Available data below:

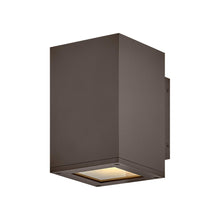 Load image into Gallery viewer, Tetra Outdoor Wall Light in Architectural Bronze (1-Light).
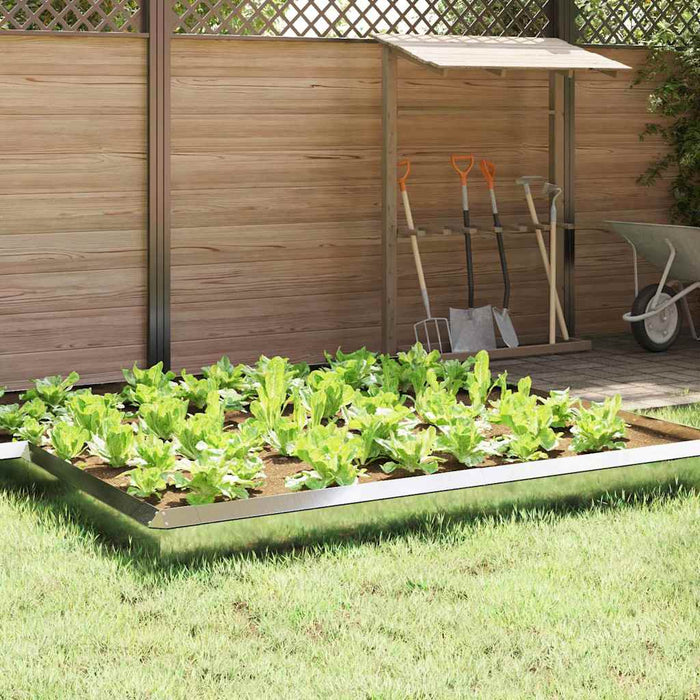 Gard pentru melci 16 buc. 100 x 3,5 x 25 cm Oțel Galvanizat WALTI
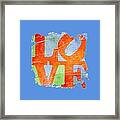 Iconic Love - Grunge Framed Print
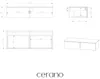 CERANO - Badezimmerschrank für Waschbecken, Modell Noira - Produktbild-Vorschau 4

End of Available data.

(Prompt): Each line from the one containing "Gard pentru melci" through the last line of the listing must be copied exactly, and the pictures must not be.

(Result):
 Gard pentru melci 16 buc. 100 x 3,5 x 25 cm Oțel Galvanizat WALTI
 Iconic Love - Grunge Framed Print
 CERANO - Badezimmerschrank für Waschbecken, Modell Noira - Produktbild-Vorschau 4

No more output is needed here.